Il serait avantageux de trouver des manières d'augmenter la durabilité des appareils. (Photo: 123RF)
INGÉNIEURS. La quantité de déchets électroniques produite annuellement pourrait atteindre 74 millions de tonnes d’ici 2030, prévoit les Nations unies. Les différents acteurs du milieu du génie pourraient bien jouer un rôle dans la résolution de ce problème.
Une chose est sûre, il y a du travail à faire en amont, estime Karel Ménard, le directeur général du Front commun québécois pour une gestion écologique des déchets (FCQGED). Si le recyclage – la dernière étape du cycle de vie d’un appareil – est important, son processus est complexifié par la conception des appareils. Celle-ci se produit au début du cycle de vie de l’objet. Le design des appareils rend aussi leur réparation plus difficile. «Actuellement, l’industrie de l’électronique fonctionne beaucoup sur un modèle « consommer-jeter », note Karel Ménard. On mise souvent sur l’obsolescence programmée pour inciter les gens à renouveler leurs appareils. Il faut changer ce modèle.»
À son avis, il serait avantageux de trouver – dès la table à dessin – des manières d’augmenter la durabilité des appareils et de les rendre plus faciles à réparer.
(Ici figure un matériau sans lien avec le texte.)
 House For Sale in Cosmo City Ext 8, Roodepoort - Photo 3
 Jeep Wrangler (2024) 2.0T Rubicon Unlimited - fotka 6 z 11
Les acteurs du milieu du génie auraient donc, selon le directeur général du FCQGED, tout avantage à s’intéresser davantage à l’écoconception.
Des universitaires à la rescousse
Polytechnique Montréal annonçait d’ailleurs, en août dernier, qu’elle lançait un programme de recherche afin d’améliorer la production et le recyclage des déchets électroniques.
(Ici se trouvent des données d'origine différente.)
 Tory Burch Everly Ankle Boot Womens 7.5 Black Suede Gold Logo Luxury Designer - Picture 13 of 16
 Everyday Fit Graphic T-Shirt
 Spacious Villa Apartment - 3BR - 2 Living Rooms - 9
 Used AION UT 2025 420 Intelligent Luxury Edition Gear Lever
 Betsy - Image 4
L’initiative, nommée Collaborative Research and Training Experience in Sustainable Electronics and Eco-Design (Create Seed), repose sur la collaboration entre cinq universités canadiennes. Plusieurs entreprises et partenaires du domaine des technologies et du recyclage provenant du Canada et de l’étranger.
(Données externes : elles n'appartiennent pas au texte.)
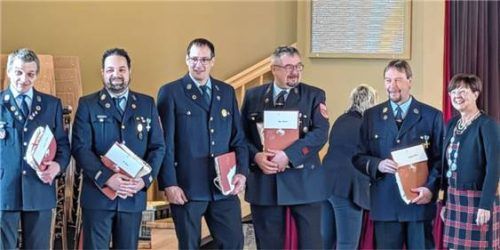 Die Feuerwehrler Thomas Göschl, Florian Haas, Robert Egger, Hans Spindler und Günther Streit mit Sissi Schätz.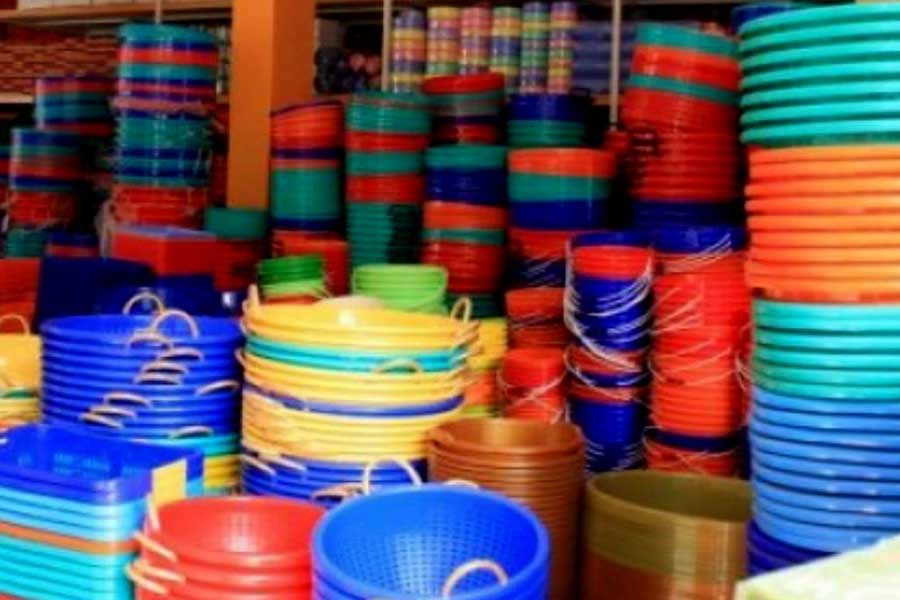Plastic product manufacturers demand withdrawal of VAT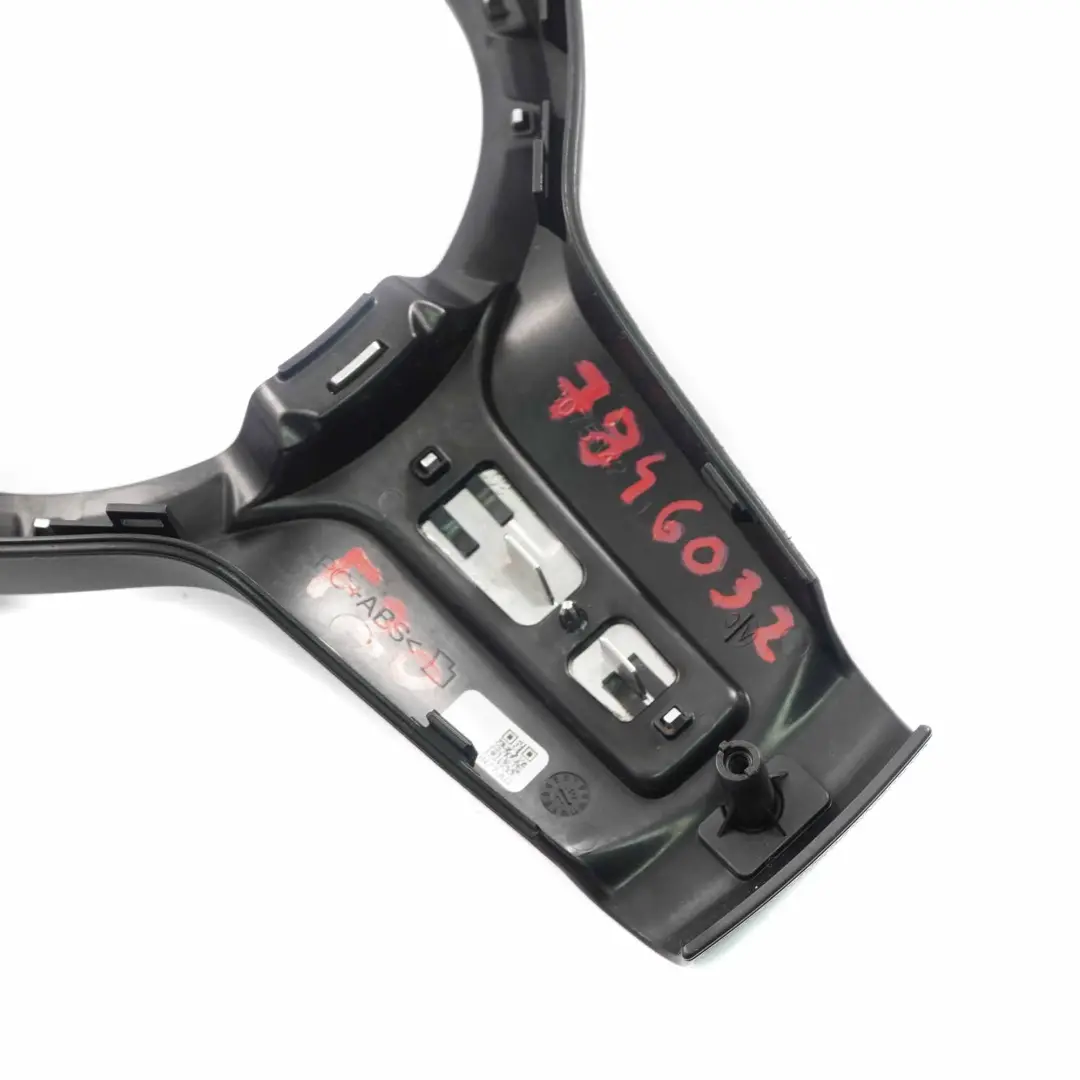 Rivestimento Del Volante Panel per BMW F10 F11 F20 F21 F30 F31 F32 F36 F48 M Sport con numero di parte 7846032 BMW F10 F11 F20 F21 F30 F31 F32 F36 F48 M Sport Rivestimento Del Volante Panel - SKU 7846032 - Numero di parte 7846032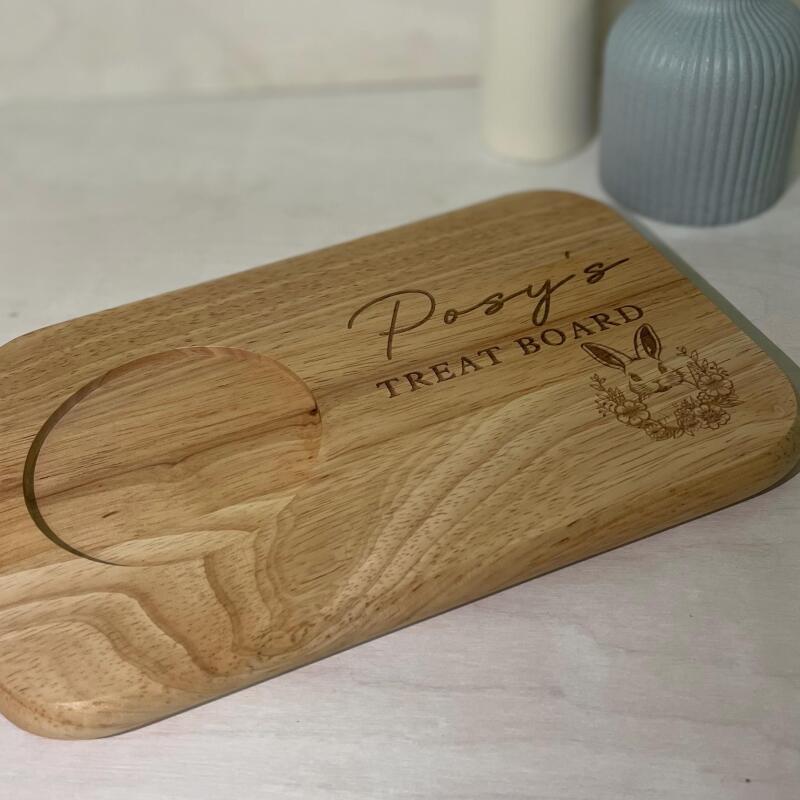 Personalised Easter Treat Board Gift Tea and Biscuit Board / Gift for Birthday Housewarming Mothers Day / Serving Board / Coffee and Cake - Tea & Biscuits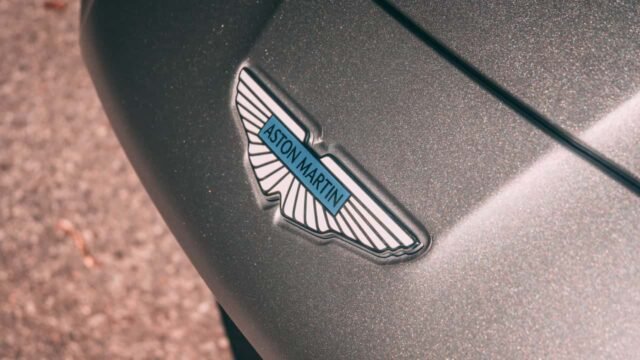 Aston Martin menjual saham tim F1 dan mungkin menjadi pribadi
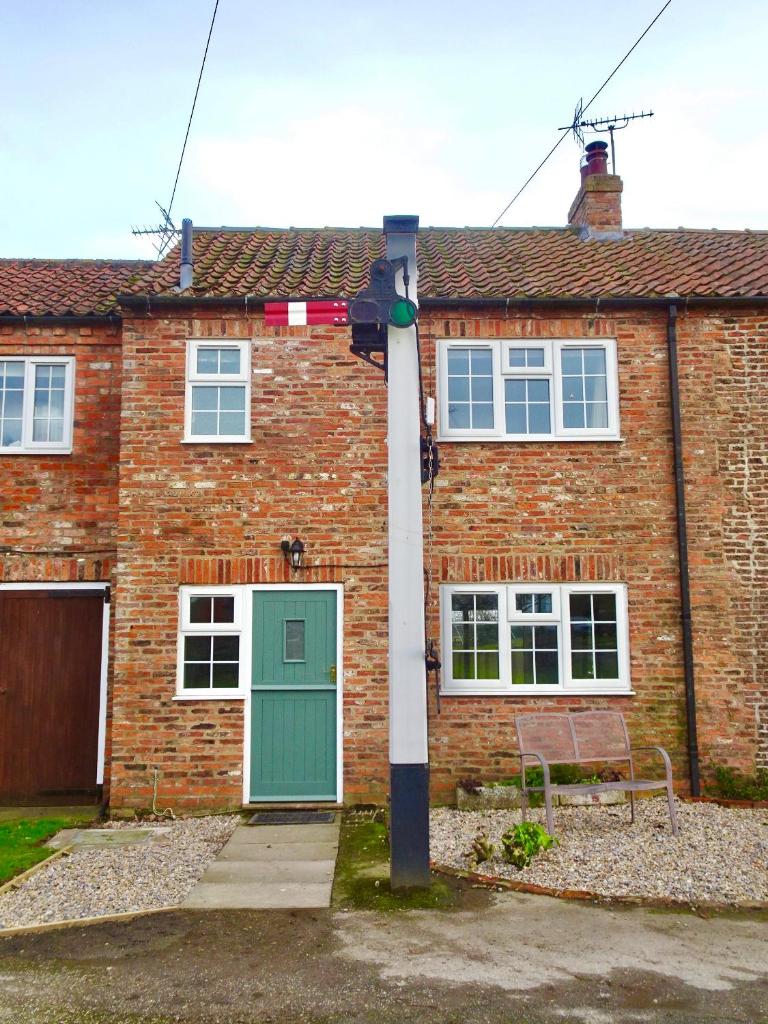 Signal Cottage at The Red House Estate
«La formation a une place primordiale dans cette initiative», explique celle qui pilote Create Seed, Clara Santato, professeure au Département de génie physique de Polytechnique Montréal. Elle souhaite donc améliorer la formation des ingénieurs, de sorte qu’ils soient davantage au fait des enjeux de durabilité dans la fabrication d’appareils électroniques. «Nos technologies doivent être performantes d’un point de vue technique, mais aussi sur le plan de l’environnement et de la santé humaine», précise Clara Santato.
Questionnée sur le sujet, elle reconnaît toutefois que les ingénieurs seront moins susceptibles d’adapter leurs façons de faire tant que l’industrie et ses dirigeants ne seront pas incités à demander d’eux des changements en ce sens. «C’est pour cette raison que nous avons aussi, dans le cadre de l’initiative, des collègues qui font de la recherche liée aux mesures incitatives et à de potentielles nouvelles politiques publiques, fait-elle remarquer. On en a besoin.»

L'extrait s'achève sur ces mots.